Work to be completed: In the records below, count every line containing "Vintage". Reply with the number only.

Information provided:
────────────────
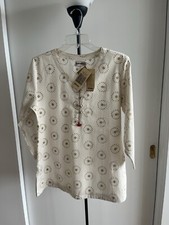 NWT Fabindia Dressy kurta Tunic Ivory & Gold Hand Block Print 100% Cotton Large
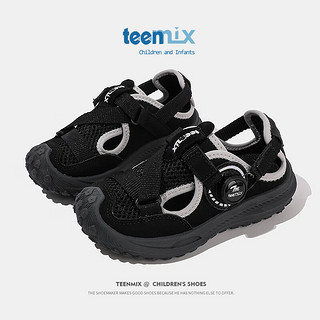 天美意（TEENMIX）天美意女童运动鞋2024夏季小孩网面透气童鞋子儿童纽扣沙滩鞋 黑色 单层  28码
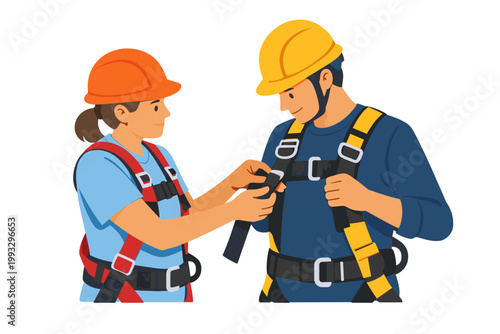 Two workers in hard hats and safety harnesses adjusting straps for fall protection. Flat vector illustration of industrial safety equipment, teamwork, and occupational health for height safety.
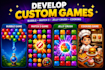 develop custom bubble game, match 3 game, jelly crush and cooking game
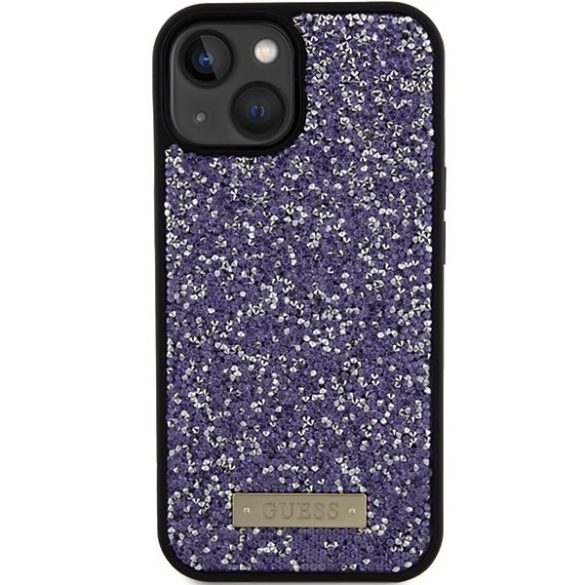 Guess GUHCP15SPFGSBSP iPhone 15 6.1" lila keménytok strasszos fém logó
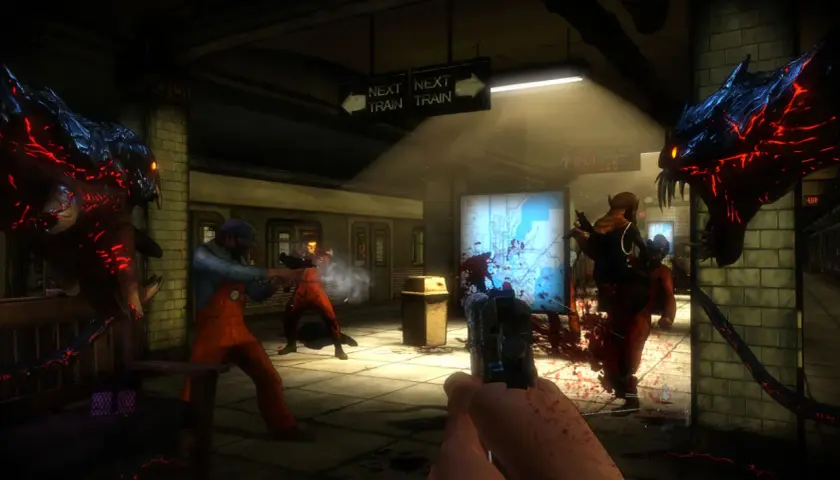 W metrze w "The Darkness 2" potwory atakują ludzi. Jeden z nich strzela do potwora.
────────────────
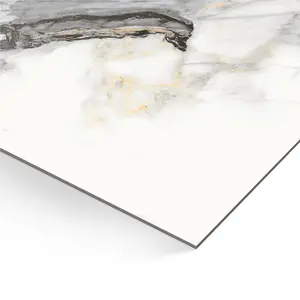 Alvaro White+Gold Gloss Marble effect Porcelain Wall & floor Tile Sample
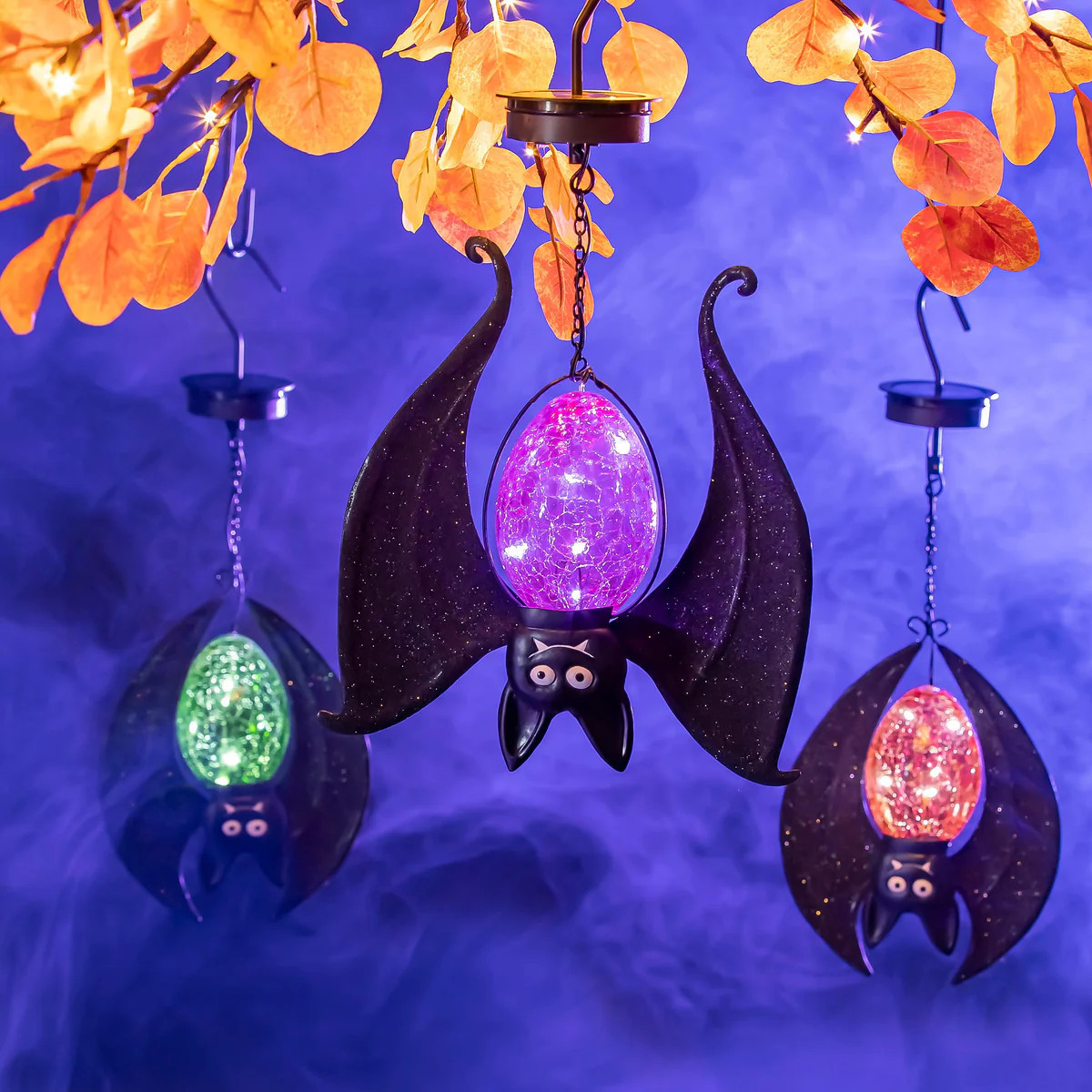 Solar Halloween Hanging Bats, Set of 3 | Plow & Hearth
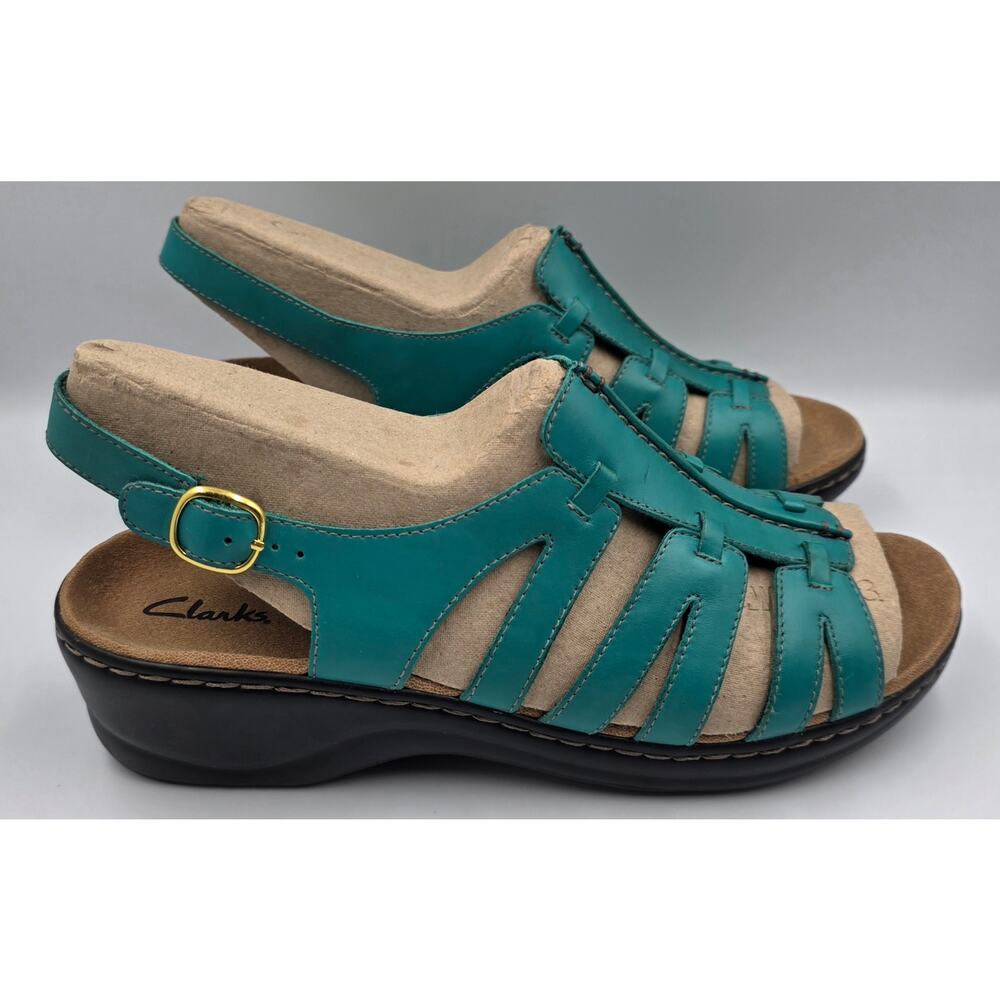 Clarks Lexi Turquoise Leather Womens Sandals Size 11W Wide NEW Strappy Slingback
────────────────
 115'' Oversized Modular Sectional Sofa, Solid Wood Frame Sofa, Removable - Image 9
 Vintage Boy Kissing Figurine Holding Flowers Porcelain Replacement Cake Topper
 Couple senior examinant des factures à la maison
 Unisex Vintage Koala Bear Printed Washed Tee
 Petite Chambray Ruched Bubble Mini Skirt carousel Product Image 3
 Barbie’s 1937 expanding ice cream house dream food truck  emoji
────────────────
Answer section: 2